Stored data ::
BEGIN
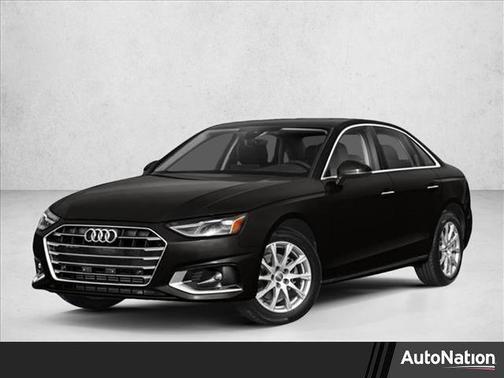 2022 Audi A4 Prestige 45 TFSI S line quattro S tronic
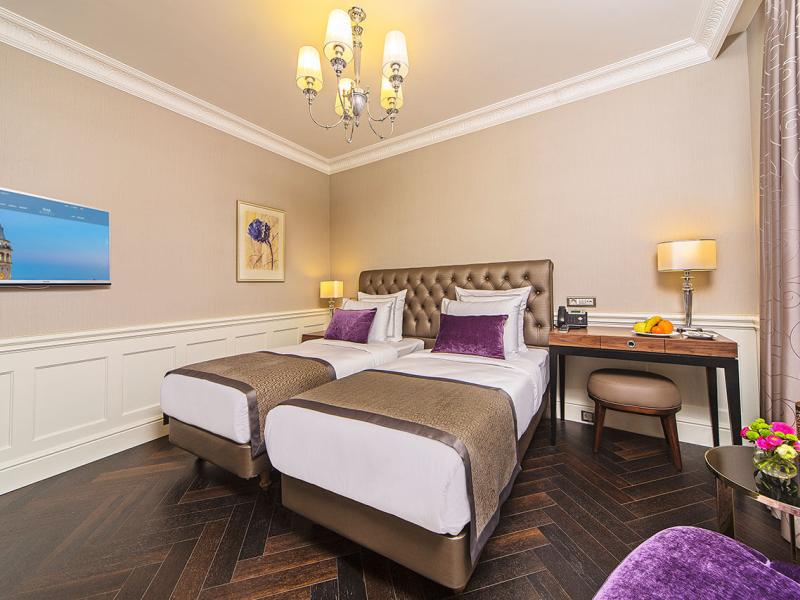 Meroddi Bagdatliyan Hotel
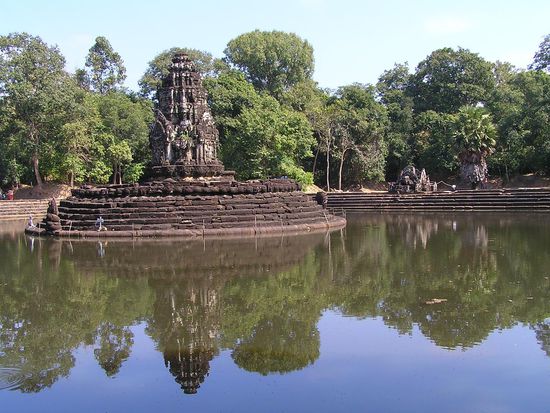 Preah Neak Pean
END
Action item ::
From the material above, copy everything exactly but the pictures.

Answer section ::
 2022 Audi A4 Prestige 45 TFSI S line quattro S tronic
 Meroddi Bagdatliyan Hotel
 Preah Neak Pean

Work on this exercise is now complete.